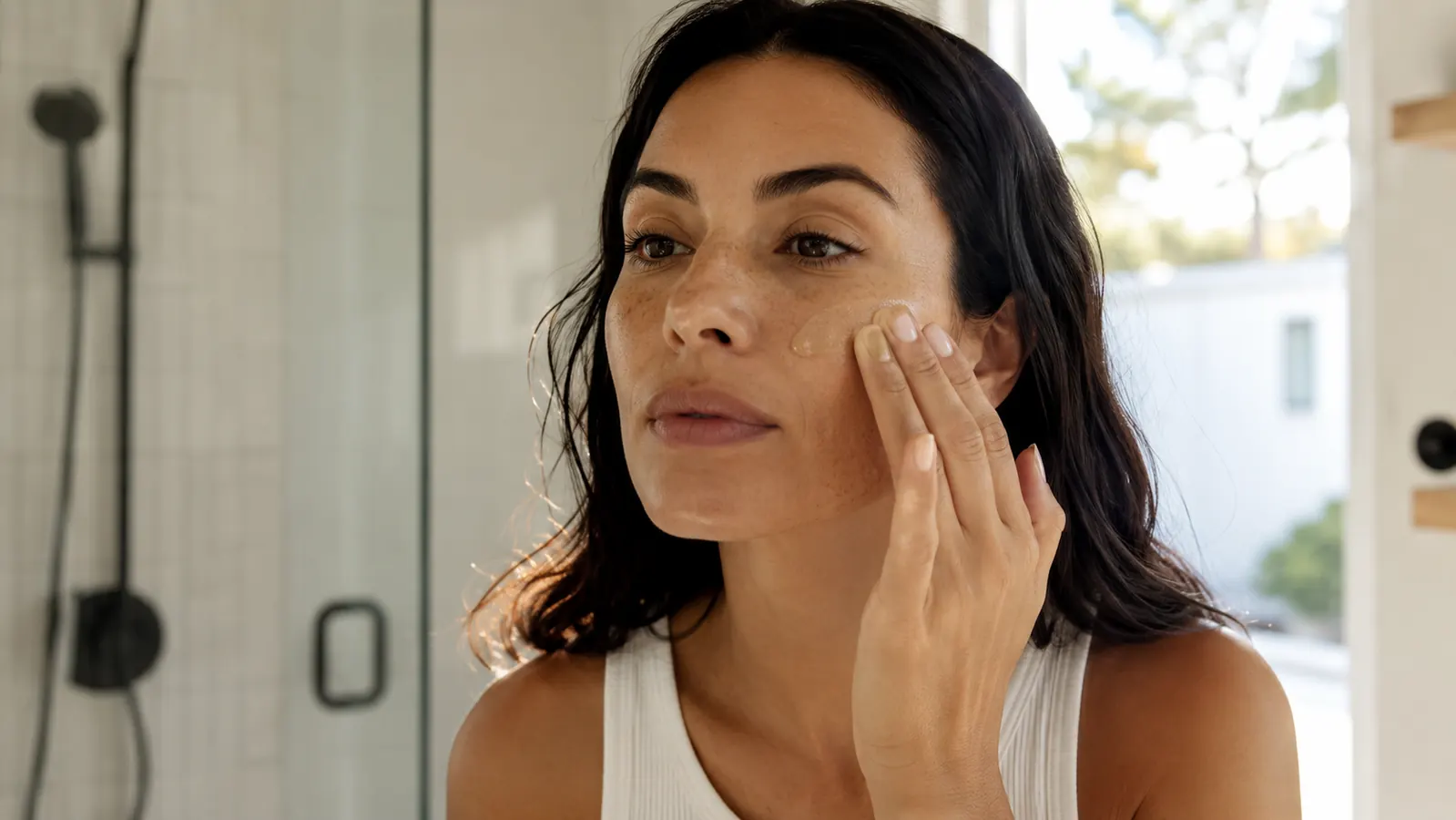 Woman pressing mineral sunscreen into skin in soft morning bathroom light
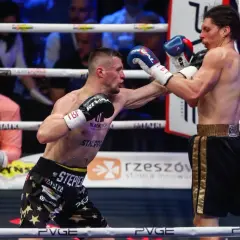 Dwóch bokserów walczy na ringu podczas babilon boxing show. Jeden z nich wyprowadza cios.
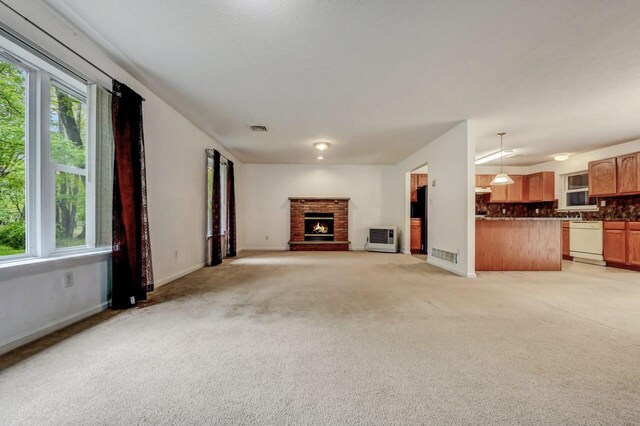 1162 Colt Ln, Pocono Summit, PA 18346 - unfurnished living room featuring a brick fireplace, light carpet, and heating unit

===

Once the pictures are removed, print all the remaining data exactly as it stands.

 Woman pressing mineral sunscreen into skin in soft morning bathroom light
 Dwóch bokserów walczy na ringu podczas babilon boxing show. Jeden z nich wyprowadza cios.
 1162 Colt Ln, Pocono Summit, PA 18346 - unfurnished living room featuring a brick fireplace, light carpet, and heating unit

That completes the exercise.